Another thing I found, was that debugging an app written by ChatGPT is kind of hard, simply because I didn’t write any of the code myself and sometimes I simply didn’t know how it worked 😅

And finally, a lot of refactoring is also needed. ChatGPT doesn’t always generate the simplest or cleanest code. Especially when you have to start a new conversation and it doesn’t know all of the context anymore, because then you have to glue bits together that don’t always fit perfectly.

Of course, these things apply for manually written code as well, but when using AI it’s easy to forget. After all, what could go wrong with code that’s generated by a machine? If there’s a problem with it, the machine can fix it, right? Well, no, because a fix generated by ChatGPT might change existing behavior, so you still need tests. Code quality is still important, at least with the current generation of AI tools.

Conclusion

All in all, it was a pleasant experience, and I was surprised at how fast I got something in production. I definitely feel a lot more productive using ChatGPT than I do without. I’ve since used ChatGPT for other projects too, that I probably wouldn’t even have started otherwise, such as a GNOME extension (I have another one planned). It has saved me from crawling Linux man pages, because it will just generate the right command line for me based on a badly specified prompt. And it’s absolutely great at critiquing and improving texts, such as this one.

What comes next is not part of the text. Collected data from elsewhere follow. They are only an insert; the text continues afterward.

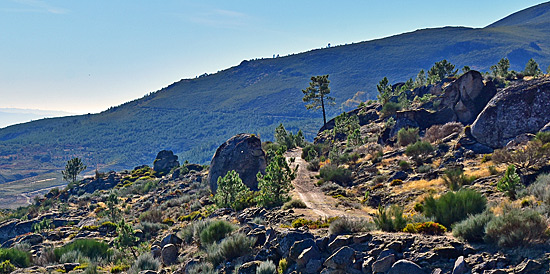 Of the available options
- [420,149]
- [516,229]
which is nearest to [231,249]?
[516,229]

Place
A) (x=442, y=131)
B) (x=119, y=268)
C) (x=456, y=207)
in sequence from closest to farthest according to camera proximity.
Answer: (x=456, y=207) < (x=119, y=268) < (x=442, y=131)

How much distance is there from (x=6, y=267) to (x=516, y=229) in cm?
1773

I’m happy with my tech stack. Go was nicer than I expected; Postgres has been reliable as always; Fly.io was an absolute delight! And I really need to give Svelte another chance, because I didn’t give it enough of one.

ChatGPT itself was impressive, even if you always have to double-check what it gives you. It’s a great enabler for doing things you aren’t familiar with yet.

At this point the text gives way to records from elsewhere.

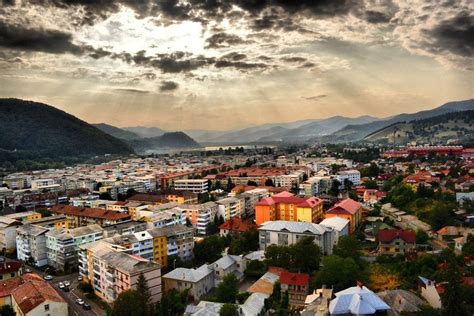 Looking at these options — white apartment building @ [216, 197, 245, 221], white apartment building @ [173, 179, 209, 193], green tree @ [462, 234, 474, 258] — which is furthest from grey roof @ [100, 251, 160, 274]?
white apartment building @ [173, 179, 209, 193]

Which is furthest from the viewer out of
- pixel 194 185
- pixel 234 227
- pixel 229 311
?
pixel 194 185

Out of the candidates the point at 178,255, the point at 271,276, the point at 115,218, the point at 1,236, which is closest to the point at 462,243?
the point at 271,276

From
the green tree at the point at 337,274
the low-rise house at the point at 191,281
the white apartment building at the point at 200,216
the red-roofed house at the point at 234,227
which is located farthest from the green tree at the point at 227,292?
the white apartment building at the point at 200,216

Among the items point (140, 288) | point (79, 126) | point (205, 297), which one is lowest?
point (205, 297)

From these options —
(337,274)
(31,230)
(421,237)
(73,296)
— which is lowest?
(73,296)

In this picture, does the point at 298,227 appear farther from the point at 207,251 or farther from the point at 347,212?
the point at 347,212

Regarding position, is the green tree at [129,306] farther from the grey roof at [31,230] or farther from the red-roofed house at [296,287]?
the grey roof at [31,230]

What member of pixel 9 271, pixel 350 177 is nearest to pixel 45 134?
pixel 350 177

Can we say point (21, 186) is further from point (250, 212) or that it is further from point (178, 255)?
point (178, 255) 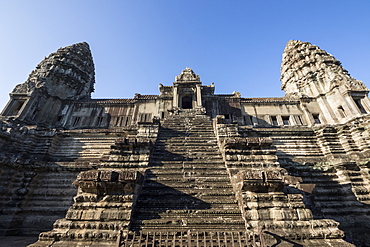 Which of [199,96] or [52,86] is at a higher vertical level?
[52,86]

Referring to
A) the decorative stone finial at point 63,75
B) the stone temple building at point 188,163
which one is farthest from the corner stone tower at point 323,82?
the decorative stone finial at point 63,75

And I’ve successfully been doing soccer predictions using balGPT for a few weeks now. It’s not going to be giving better predictions than Foobal was, because in the end they both use the same algorithms, but at least I’m now able to do it from my phone, because of my shiny new web interface.

All the code is on GitHub if you’re interested, and I’ve stored all the prompts in the GitHub repo, so you can check those out for yourself as well.

PS

When I asked ChatGPT to fix the capitalizations in my final draft, it hallucinated this second conclusion for me. What do you think? Should I have kept it? 😉

In conclusion, while ChatGPT has its limitations, it can still be an incredibly valuable tool in speeding up development, exploring unfamiliar technologies, and even getting creative input. With a critical eye and proper testing, it’s possible to build a complete app with AI assistance. This experience has shown me the potential of AI in the world of software development and has inspired me to continue exploring and pushing the boundaries of what AI tools like ChatGPT can achieve.

As the field of AI continues to develop, it will be exciting to see how these tools evolve, and how they can be further integrated into our workflows to make us even more productive and efficient. The future of AI-assisted development is bright, and I look forward to the advancements and discoveries yet to come.